In yesterday's NY Daily News the paper's Errol Louis reports on the growing exodus of middle-class New Yorkers. Citing a report done by Comptroller Thompson, Louis worries about what this exodus means for the kind of city New York will become: "It means the backbone of the city is weakening as hundreds of thousands of teachers, cops, firefighters, bus drivers, security guards, transit workers, barbers and administrators - a big slice of the people who make the city go - give up on New York every year."

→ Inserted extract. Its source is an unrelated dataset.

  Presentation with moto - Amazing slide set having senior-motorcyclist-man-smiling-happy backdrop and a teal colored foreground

And Louis is quite right. What he doesn't comment on, however-in his otherwise incisive column-is the way in which municipal government is often directly responsible for this mass exodus. The fact is that the high cost of living in this city-a reality that has often been derided by our wealthy mayor-is a major factor in the reason why people choose to relocate. Louis hints at this when he observes that; "In reality, professionals are statistically more likely to size up their buying power and quality of life and start scanning real estate listings in nearby suburbs or in places like Atlanta, West Palm Beach and Raleigh-Durham."

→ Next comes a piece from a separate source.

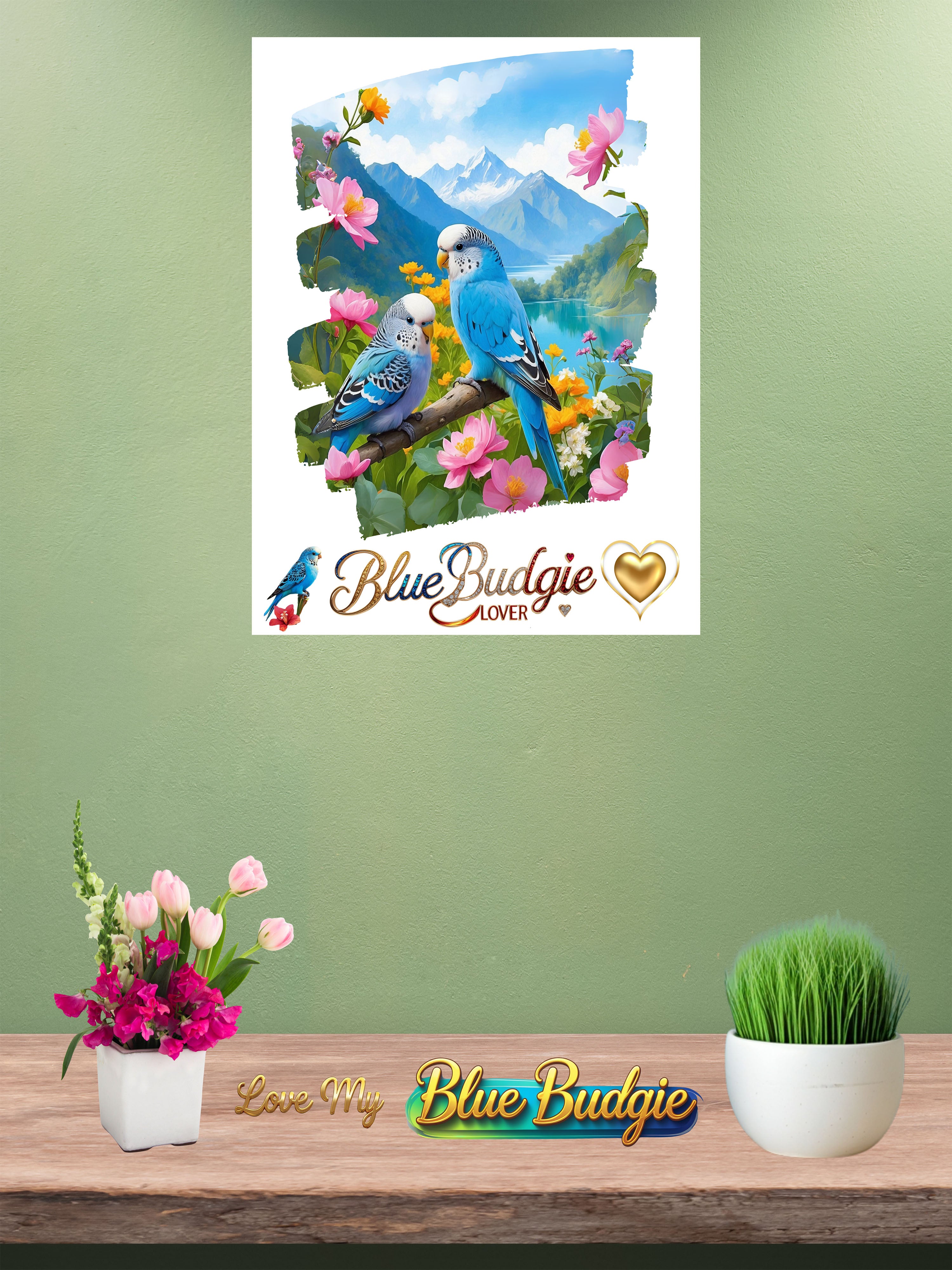 Blue Budgie Lover Nature Wall-Hanging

This high cost is directly related to the outrageous taxing policies that make NYC one of the most expensive places to live. When the mayor pushed through his 18% property tax increase in 2002-an increase that was exacerbated by higher assessments as well-we were treated to a spate of exodus stories that have since died down in the wake of the media's canonization of Mayor Mike.

Now, however, the chickens are coming home to roost, and with them also comes the realization that all of are high tax enablers are almost as big as danger as the elected officials who blithely raise fees in the name of fiscal "prudence." These are the DMI kind of folks who define the middle class down to such a degree that the category loses all recognition. And these are the people who try to insist that are car commuters are privileged by invidiously comparing them to mass transit users in the congestion taxing debate. The reality is that our car commuters are the ones most likely to, in Louis' words, "size up their buying power," and look around for less expensive places to live. The mayor's congestion fee is simply another tax-as New Yorkers in poll after poll scream out.

Which brings us to Louis' political point: we need to craft policy so that we can preserve this vital resource that our middle class represents. This means, as Errol points out, that the cries for "affordable housing" need to be tempered somewhat by the realization that the middle class is being squeezed by the housing crunch. Here's Louis' money quote:
"That means we have to end the zero-sum politics that pits the needs of the poor against those of the middle class. Look at any of the big development projects around the city that include affordable housing - Atlantic Yards, Queens West, conversion of the Domino sugar factory on the Brooklyn waterfront - and there's a fight about whether subsidizing middle-class families amounts to a wasteful "giveaway" of resources best reserved for the very poor."

The size and scope of municipal government needs to be squarely addressed, and the 2009 wannabees will have to do that if they want to make the step up on the governmental ladder. The mayor's wealth has dazzled our media watchdogs and has given him a Reagen-like Teflon status. Those who try to emulate him best beware.